None of this means that the tax bill is doomed. Republicans have edged right up to the cliff lots of times throughout this months-long tax debate. It was touch-and-go on whether the Senate could pass its version of a tax bill earlier this month, but it did, as skeptical Republicans such as Corker flipped their vote to yes at the last minute. Passing the House's version with just Republican votes wasn't a cake walk, either.

But Republicans knew they had no choice but to try. As Sen. Lindsey O. Graham (R-S.C.) has said, “failure is not an option” for the Republican Party right now. If Republicans don't pass this bill, they will end their year in control of federal government without a single major legislative accomplishment. That doesn't set them up well for the 2018 midterm elections, in which Senate Democrats have a path to take back the majority, and House Democrats are equally optimistic.
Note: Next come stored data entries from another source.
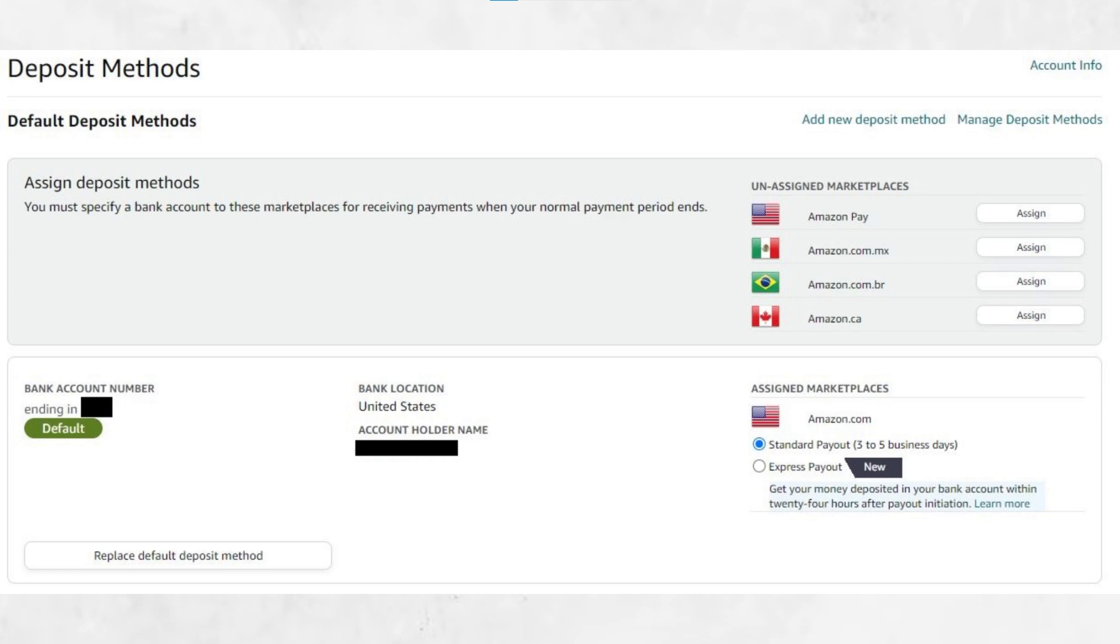Amazon will now ask for your bank account details. Choose the country that matches the currency you want to receive. For example, if you want to get paid in US dollars, select the United States as the country, even if you're not located there. Then, enter the Wise bank account details you copied earlier.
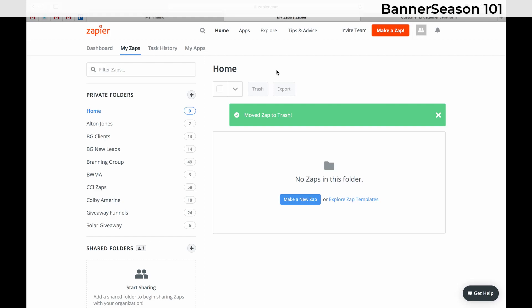And so what this means is if somebody gets added to one of my Google Sheets, I want them to automatically get added to Banner Season. And so I'll walk you through the process here.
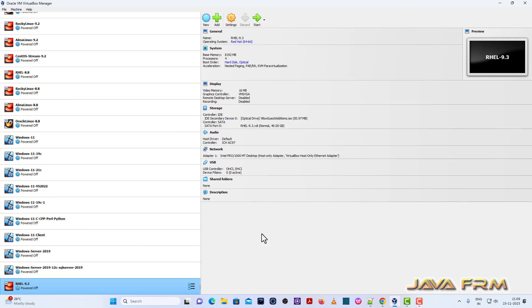Welcome to JavaFarm. Now I am going to show you how to install Rocky Linux 9.3 on VirtualBox 7.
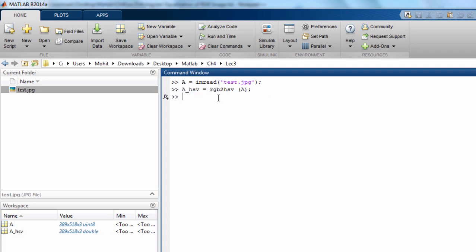Now the third channel is the V channel for this HSV image, so I can write AV equals AHSV's third channel. Third channel can be written like this: colon colon three.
Republicans are haunted by the failure of an Obamacare repeal bill this summer that was dogged by similar problems as those facing the tax bill: a partisan, rushed process that divided an already ideologically diverse caucus and let opponents define the legislation as bad for the middle class and good for the wealthy.

Speaking of public perception, versions of Republicans' Obamacare repeal bill polled in the teens. The tax bill isn't much more popular. As Republicans have focused all their energies on just trying to get the legislation passed, the Monmouth University poll shows that just 26 percent of Americans approve of the bill, while half believe their taxes would go up as a result of this legislation. That's similar to a November Washington Post-ABC News poll that found that a third of Americans support the bill, while half oppose it.

"The conference agreement (as well as prior versions of the bill) have been put together on an insanely fast timeline," said New York University professor Lily Batchelder, the deputy director of the White House National Economic Council under the Obama administration, "with virtually no opportunity for the public to seriously digest it and weigh in.”

Senate Republicans maintain that spending more time on this tax bill wouldn't help. It wouldn't bring Democrats on board, nor would it provide any groundbreaking consensus among wary Republicans. Plus, as time has gone on, the bill has become more unpopular with the public, so why wait?

Whatever the reason, Republicans are plowing ahead with this bill. And the rush comes at great risk, as they are relearning ahead of the looming vote.